Hoje como ontem cabe aos batizados a tarefa de trabalhar para que a salvação chegue a todas as partes e a todos os homens[3]. Por isso, nós cristãos não só procuramos fazer apostolado pessoal, mas encorajamos também os nossos amigos a serem também eles apóstolos e a se comprometerem na maravilhosa tarefa de aproximar almas a Cristo.

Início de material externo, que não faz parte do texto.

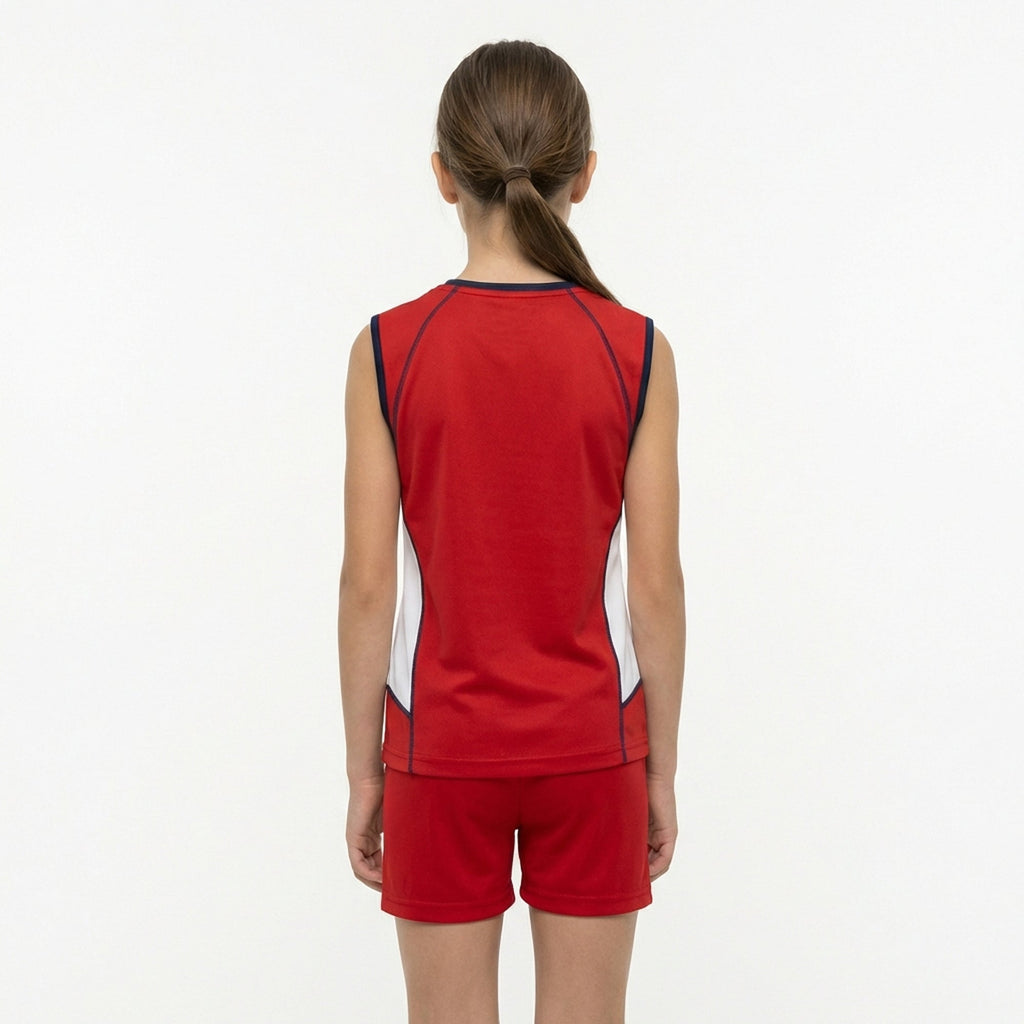 Kit de Volley Campania New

“Cada um de vós deve procurar ser um apóstolo de apóstolos”[4], escreveu São Josemaria em Caminho. Deus conta com cada um dos cristãos para que “todos os homens se salvem e cheguem ao conhecimento da verdade”[5]. Por isso, é urgente que todos os batizados tomem consciência da sua vocação para a santidade e para o apostolado. Assim aproximarão muitas pessoas da felicidade e serão eles próprios muito felizes, porque encherão de sentido cristão e de esperança qualquer realidade humana: “pelo Batismo, somos portadores da palavra de Cristo, que tranquiliza, que inflama e aquieta as consciências feridas. E para que o Senhor atue em nós, temos que dizer-lhe que estamos dispostos a lutar todos os dias, embora nos vejamos frouxos e inúteis, embora percebamos o peso imenso das nossas misérias e da nossa pobre fraqueza pessoal. Temos de repetir-lhe que confiamos nEle, na sua assistência: se for preciso, como Abraão, contra toda a esperança. Assim trabalharemos com redobrado empenho e ensinaremos os homens a comportar-se com serenidade, livres de ódios, de receios, de ignorâncias, de incompreensões, de pessimismos, porque Deus tudo pode”[6].



[1] Entrevistas com Mons. Josemaria Escrivá, n. 24

[2] Atos dos Apóstolos, 4,20

[3] Cfr. Concílio Vaticano II, Decreto Apostolicam actuositatem, nº 3.

[4] São Josemaria, Caminho, n. 920.

[5] 1 Tm 2, 4.

[6] São Josemaria, Amigos de Deus, n. 210.